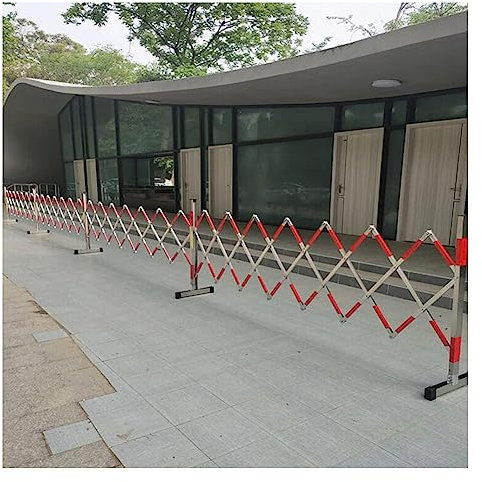 Industrielle, Erweiterbare Metallbarrikade, Robuste Edelstahl-Barrikaden-Tore Schnelles Blockieren Von Scherentoren Geländer-Isolationszaun Für U-Bahn/Busbahnhof ( Farbe : Silver , Größe : 1.2x4m )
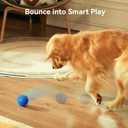 Cheerble Smart Interactive Dog Toy, Wicked Ball AIR, Automatic Moving, Bouncing, and Rotating, E-TPU Material, IPX7 Waterproof Rating, Active Rolling Ball for Puppy, Medium and Large Dogs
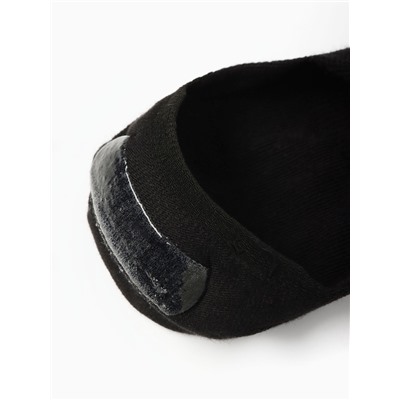 Носки-подследники с компрессией, размер 42-45, чёрные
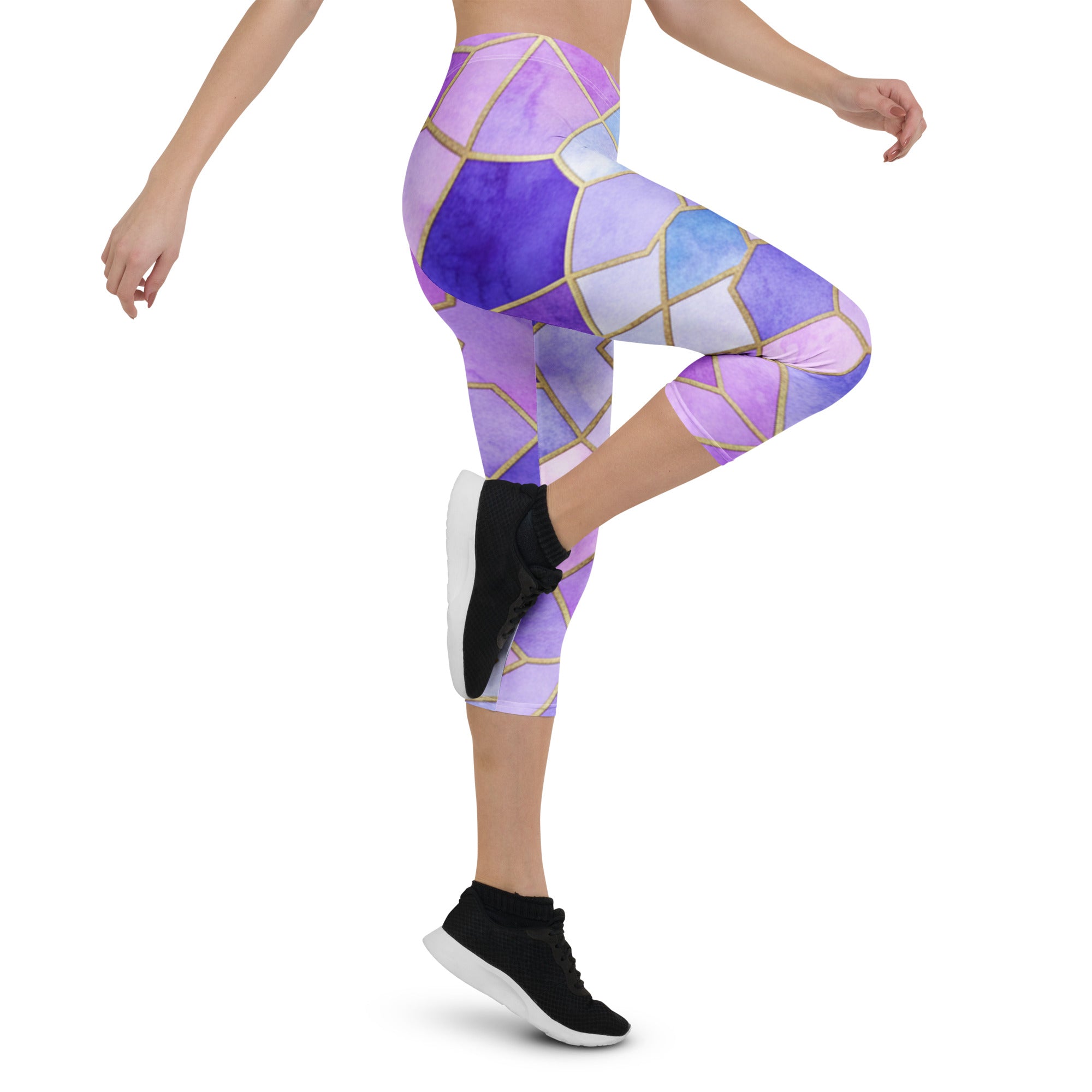 Lavender Fields Capri Leggings | GearBunch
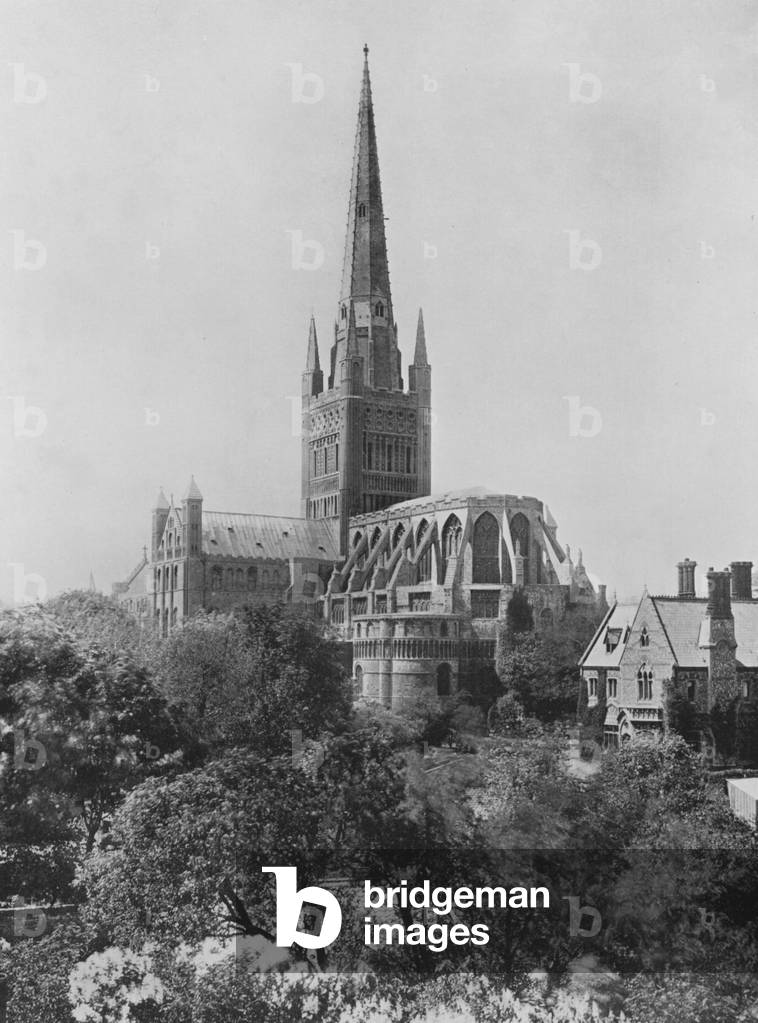 Norwich Cathedral (b/w photo)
::::
Required action:
Where the line containing "Носки-подследники с компрессией, размер" appears, begin writing out the lines word for word, and continue through the last line of the data, leaving out pictures.

Result of the task:
 Носки-подследники с компрессией, размер 42-45, чёрные
 Lavender Fields Capri Leggings | GearBunch
 Norwich Cathedral (b/w photo)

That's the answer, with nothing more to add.